- EXTRACTED INFORMATION -

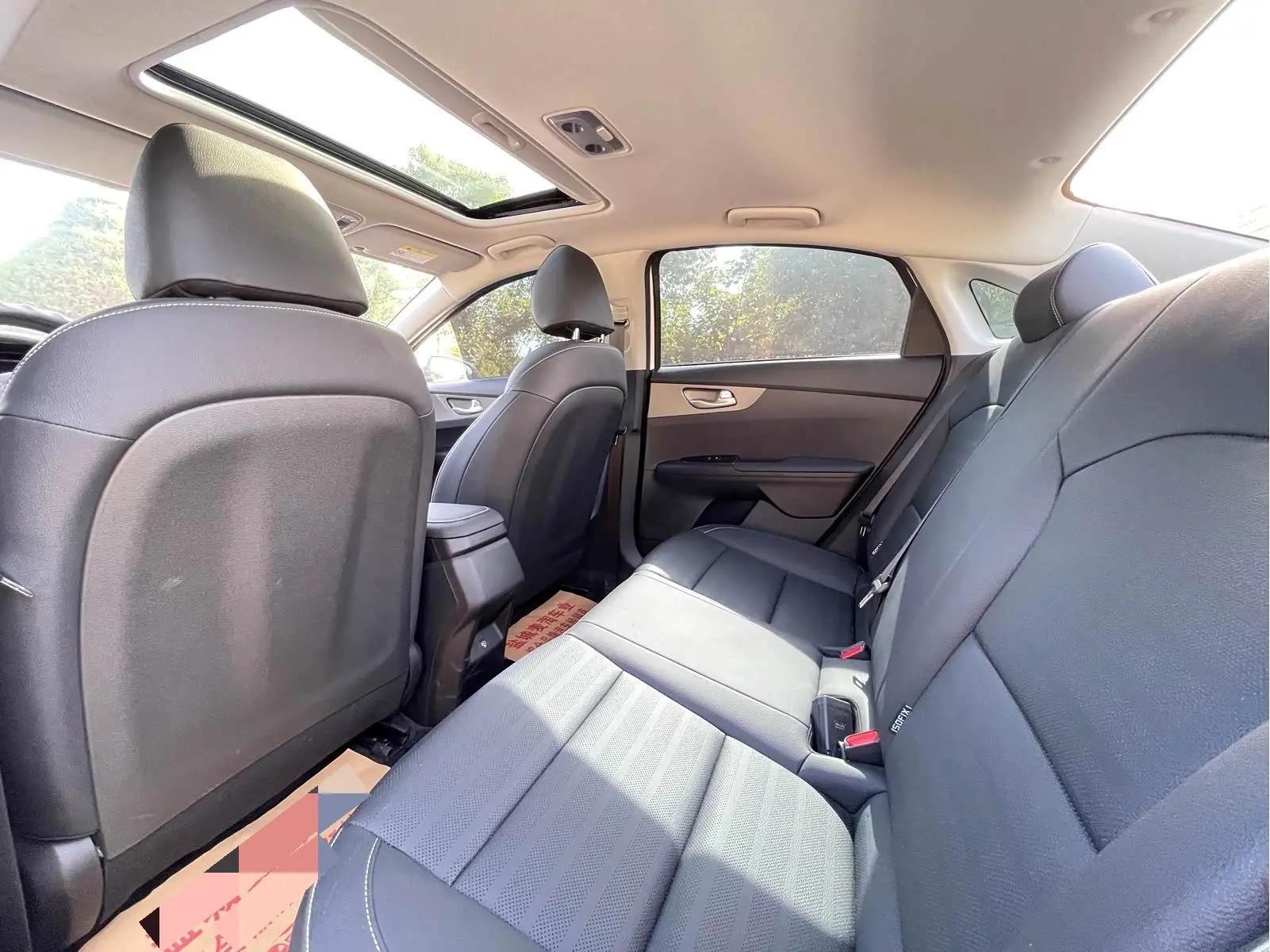 Kia K3 2024 1.5L CVT Comfort Premium Edition 6
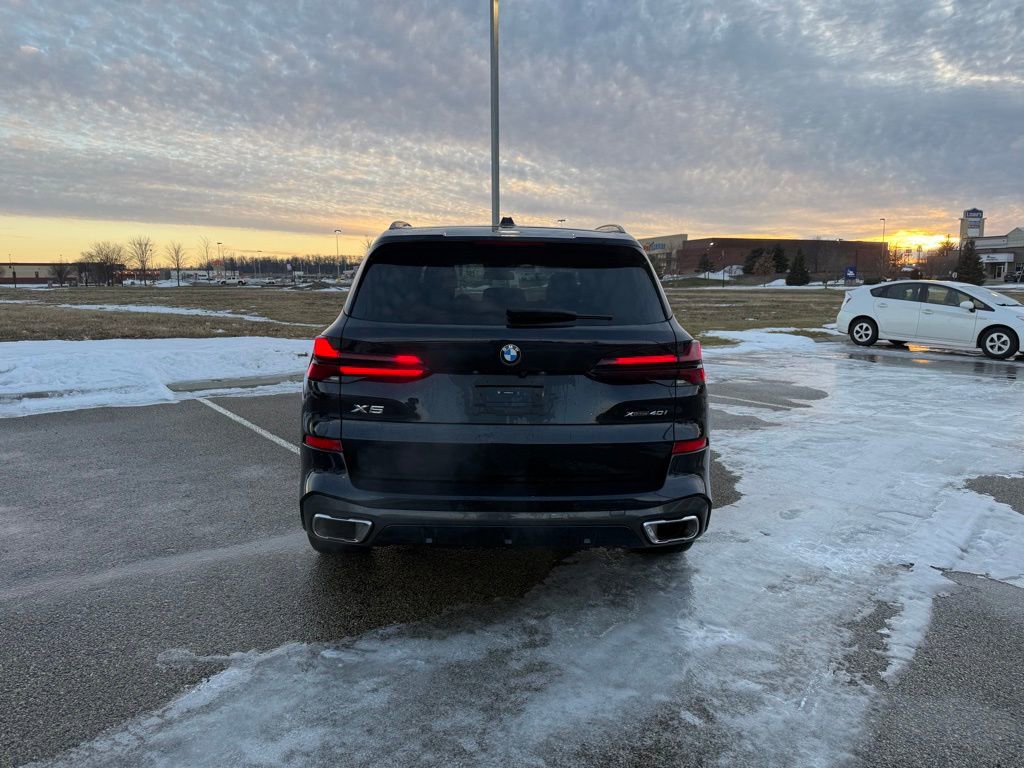 Used 2024 BMW X5 xDrive40i w/ M Sport Package image 6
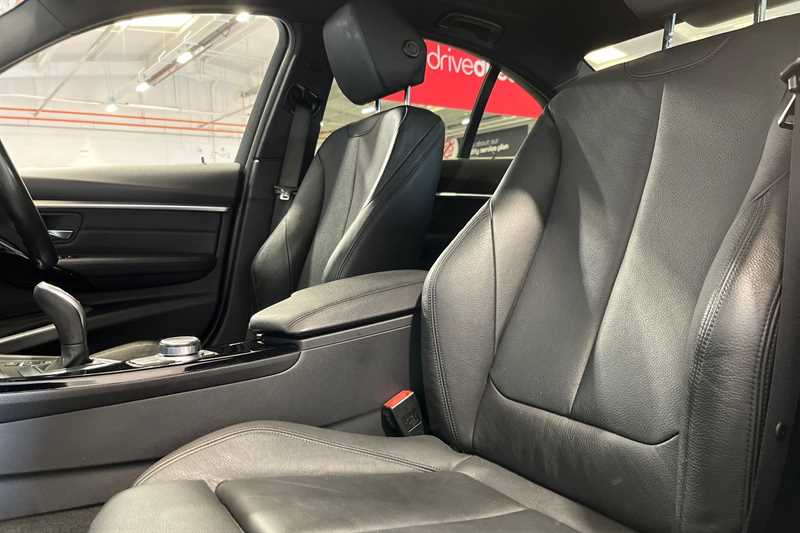 Used BMW 3 Series 2019 for sale - 76733801: Photo 23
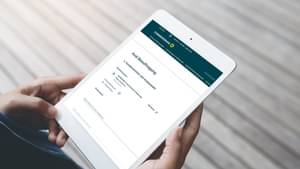 Nahaufnahme eines Tablets mit der Anwendung Avale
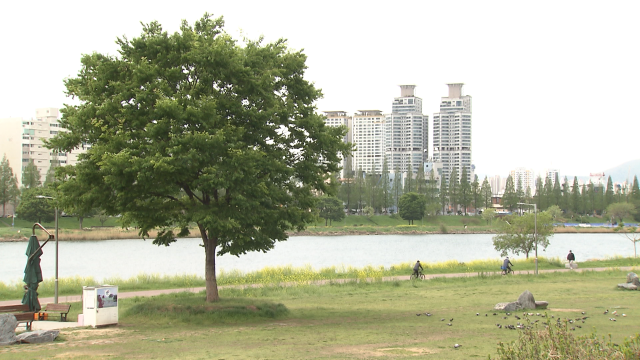 건조한 날씨‥내일도 큰 일교차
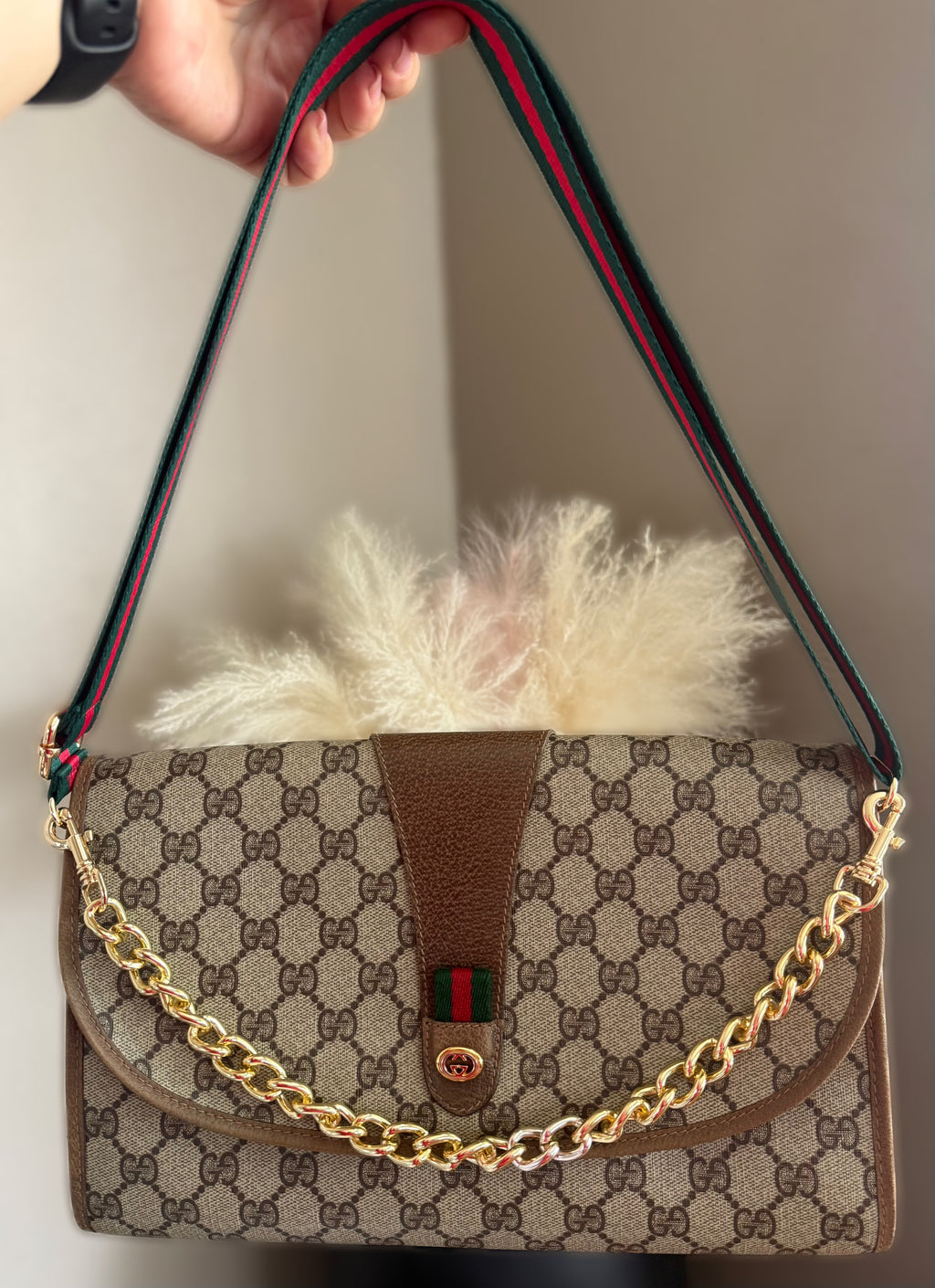 Gucci GG Monogram Supreme Ophidia Clutch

- TASK GOAL -
Produce an exact copy of the lines from the line with "Used BMW 3 Series" through the last line of the data above, both ends included. No pictures belong in it.

- FINISHED TASK -
 Used BMW 3 Series 2019 for sale - 76733801: Photo 23
 Nahaufnahme eines Tablets mit der Anwendung Avale
 건조한 날씨‥내일도 큰 일교차
 Gucci GG Monogram Supreme Ophidia Clutch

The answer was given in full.